The DateFormat.parse() method looks for a parseable date at the /begining/ of
the supplied string, it does not require that the parsed date is /all/ of the
supplied string (poor API design, but there you go...). In your case you need
to be able to tell how much of the String was actually a formatted date, so you
will have to use the alternate form of DateFormat.parse() that takes a
ParsePosition argument too.

-- chris
 
S

shilpa

Thanks Chris :)
Yeah, I guess this is the issue...will try and will let you know about
same.

Cheers :)
Shilpa
 
S

shilpa

Thanks Chris..Its working perfectly fine...:)

I have one more doubt here...On German OS pattern "dd.MM.yyyy H:mm"
matches for date/time "19.05.97 00:00"

and returns me wrong date : Fri May 19 00:00:00 GMT+05:30 0097 .

Any comments on this?

Thanks,
Shilpa
 
C

Chris Uppal

shilpa said:
I have one more doubt here...On German OS pattern "dd.MM.yyyy H:mm"
matches for date/time "19.05.97 00:00"

and returns me wrong date : Fri May 19 00:00:00 GMT+05:30 0097 .

Any comments on this?

Not really. I'm not sure whether this is a bug, but on the whole I suspect
not. In either case you have to work around it.

One thing I'd do is try all the options, rather than stopping at the first one
that "worked". That would have two benefits, one is that you could detect when
you had an ambiguous date and try to deal with that ambiguity somehow (throw an
excpetion, prompt the user for more data, select one option arbitrarily but
write a log entry to say that you have done so,.... whatever).
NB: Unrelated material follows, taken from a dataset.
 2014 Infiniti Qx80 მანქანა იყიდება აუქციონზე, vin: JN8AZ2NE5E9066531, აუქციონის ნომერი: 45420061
The second is
that you could handle cases like this rather better.

I guess you need a layer of sanity checking anyway (to eliminate dates like
0097 AD for instance ;-), and you could use that together with the complete
list of possible interpretations to make the system more reliable. First work
out all the interpretations that the parse() method thinks are OK, and then
filter that by removing all the implausible values. If that leaves exactly one
candidate then accept it, otherwise go into some sort of error recovery mode.